▶ **BRIEF**
Pictures are to be left out; every line from the one that holds "Sign indicating accessibility" to the end of the data is to be retyped exactly.

--- EXERCISE DATA Enclosed Below ---

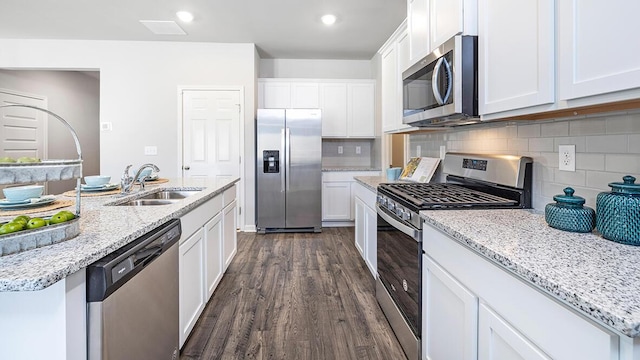 kitchen with white cabinetry, stainless steel appliances, sink, and tasteful backsplash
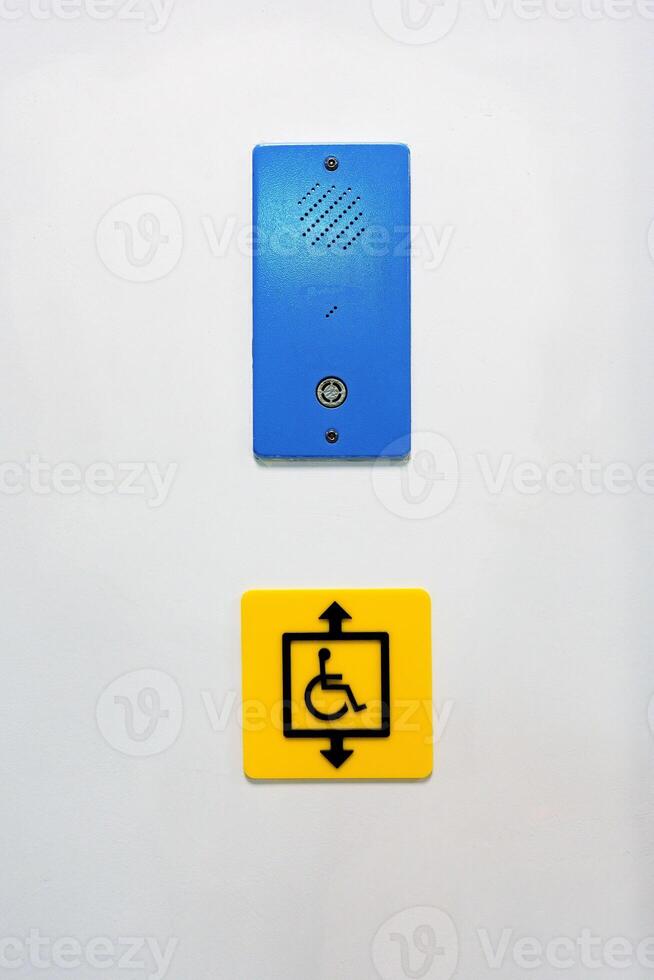 Sign indicating accessibility features for mobility-impaired individuals in a public building photo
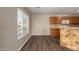 Cozy kitchen featuring wood cabinets, tile backsplash, and bar seating at 22322 W Loma Linda Cir, Buckeye, AZ 85326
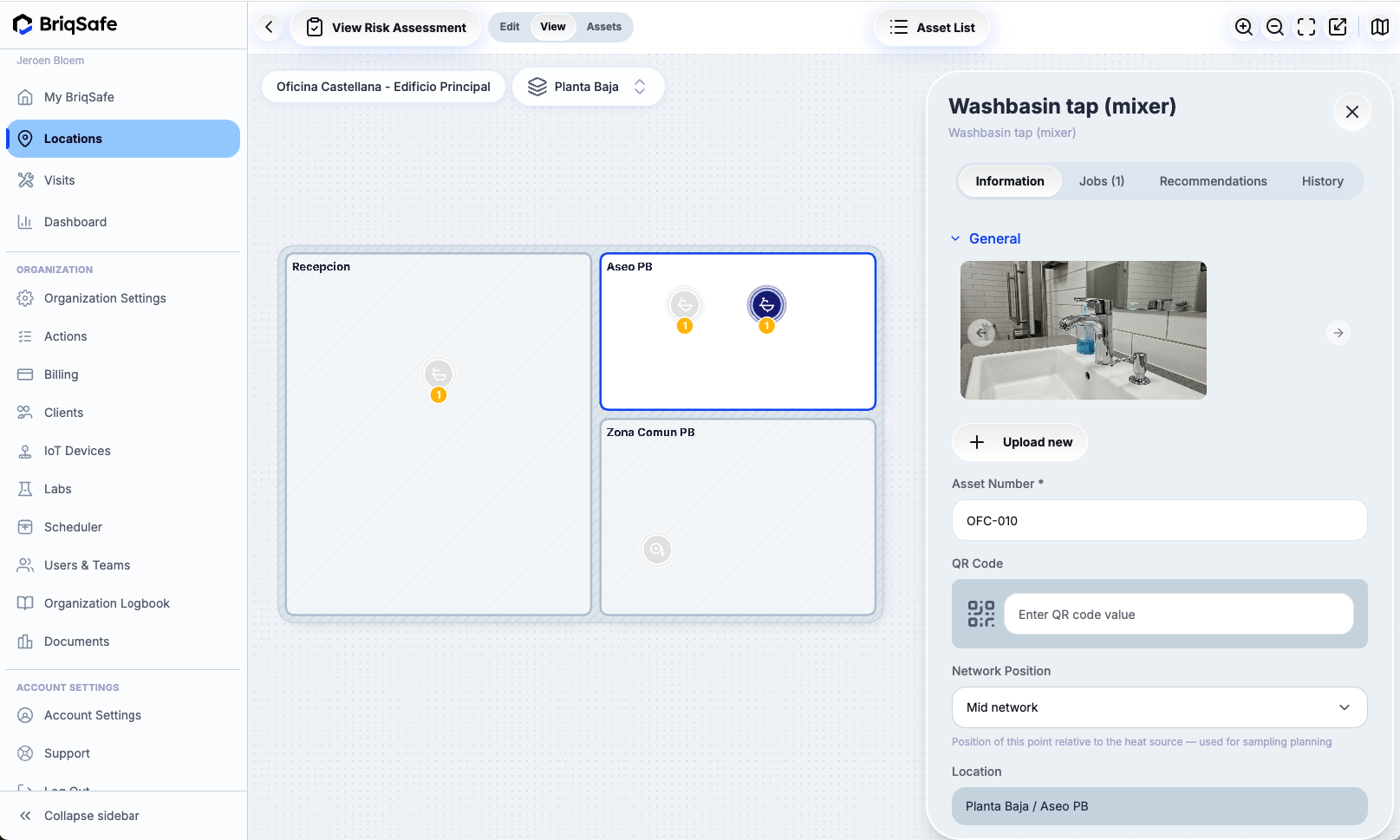 Locations screen showing asset details for a washbasin tap (mixer) including image upload, asset number, QR code entry, and network position settings.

--- End of Enclosed EXERCISE DATA ---

▶ **WRITTEN ANSWER**
 Sign indicating accessibility features for mobility-impaired individuals in a public building photo
 Cozy kitchen featuring wood cabinets, tile backsplash, and bar seating at 22322 W Loma Linda Cir, Buckeye, AZ 85326
 Locations screen showing asset details for a washbasin tap (mixer) including image upload, asset number, QR code entry, and network position settings.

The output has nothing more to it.